Il y a trois ans, 140 pays réunis lors de la COP26 sur le climat à Glasgow avaient pris un engagement ambitieux : éliminer la déforestation mondiale d’ici 2030. Mais les chiffres dévoilés ce mardi 8 octobre par une évaluation inédite confirment que la trajectoire suivie n’est pas la bonne.
En 2023, 6,4 millions d’hectares de forêts ont été perdus, selon l’analyse menée par une trentaine d’ONG, de groupes de réflexion et d’organismes de recherche. Cela «dépasse de manière significative» le niveau (pas plus de 4,4 millions d’hectares) qui aurait permis que le monde reste sur la bonne trajectoire pour éliminer la déforestation en 2030.
«Les forêts continuent d’être abattues»
Les forêts, qui abritent 80 % des espèces terrestres d’animaux et de plantes, sont pourtant cruciales pour réguler les cycles de l’eau ou séquestrer le CO2, principal gaz à effet de serre responsable du réchauffement climatique. «Au niveau mondial, la déforestation est devenue pire, au lieu de s’améliorer, depuis le début de la décennie, souligne l’expert Ivan Palmegiani, un des auteurs principaux de l’étude. Nous ne sommes qu’à six ans d’une échéance mondiale critique pour mettre fin à la déforestation et pourtant les forêts continuent d’être abattues, dégradées et incendiées à un rythme alarmant.»

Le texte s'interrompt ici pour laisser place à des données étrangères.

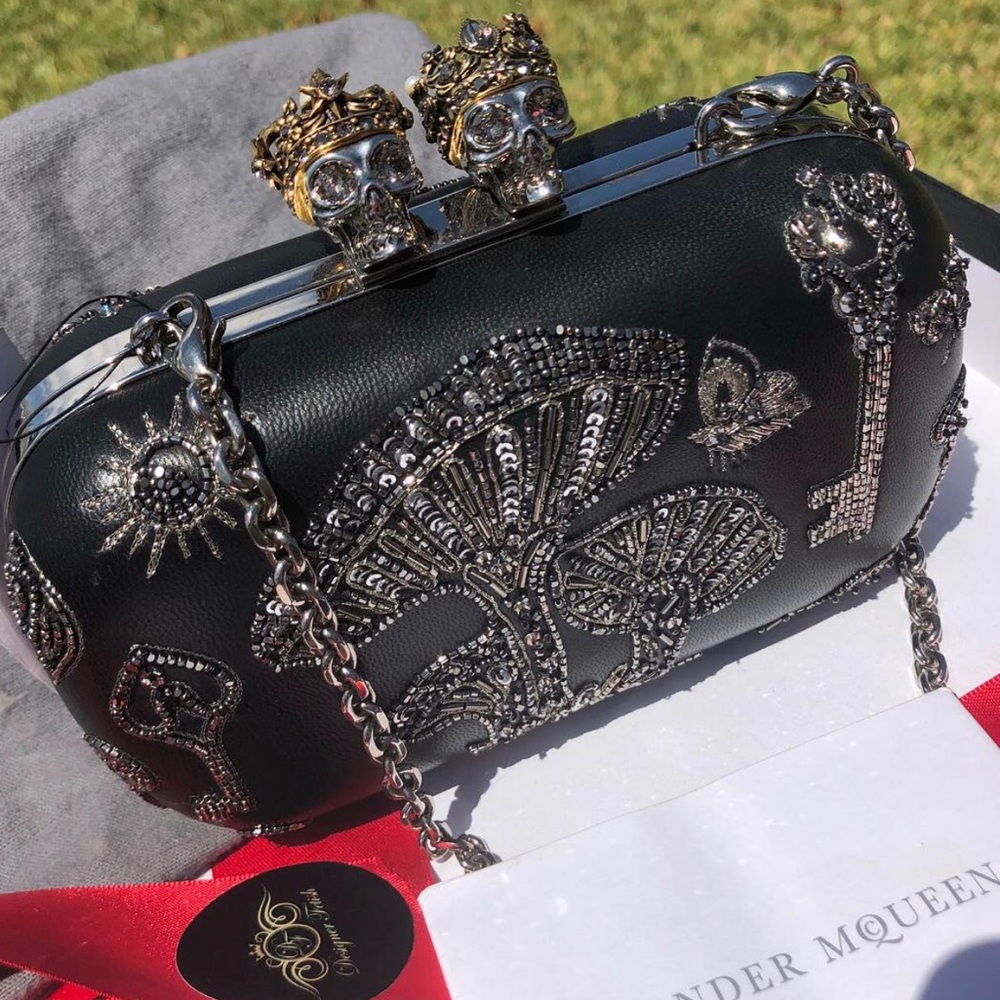 Alexander McQueen King & Queen Black Clutch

En particulier, 3,7 millions d’hectares de forêt tropicale primaire – essentielles pour leur capacité à absorber le CO2 et la richesse de leur biodiversité – ont disparu l’an dernier, à un niveau proche du début de la décennie, alors que ce chiffre aurait déjà dû baisser nettement pour tenir les objectifs à l’horizon 2030. Le même constat avait été dressé début avril par le centre de réflexion World Resources Institute, qui s’était basé sur les données de l’université du Maryland.
Soja et nickel
Le rapport rendu public ce mardi se penche sur les régions du monde les plus problématiques, notant par exemple une hausse de la déforestation en Bolivie ou une reprise en Indonésie après des années d’amélioration. La Bolivie a ainsi connu une hausse «alarmante» de sa déforestation, qui a bondi de 351 % entre 2015 et 2023, «une tendance qui ne montre aucun signe d’atténuation». Cette augmentation est en bonne partie le fruit de la production de matières premières agricoles – particulièrement le soja mais aussi le bœuf et le sucre.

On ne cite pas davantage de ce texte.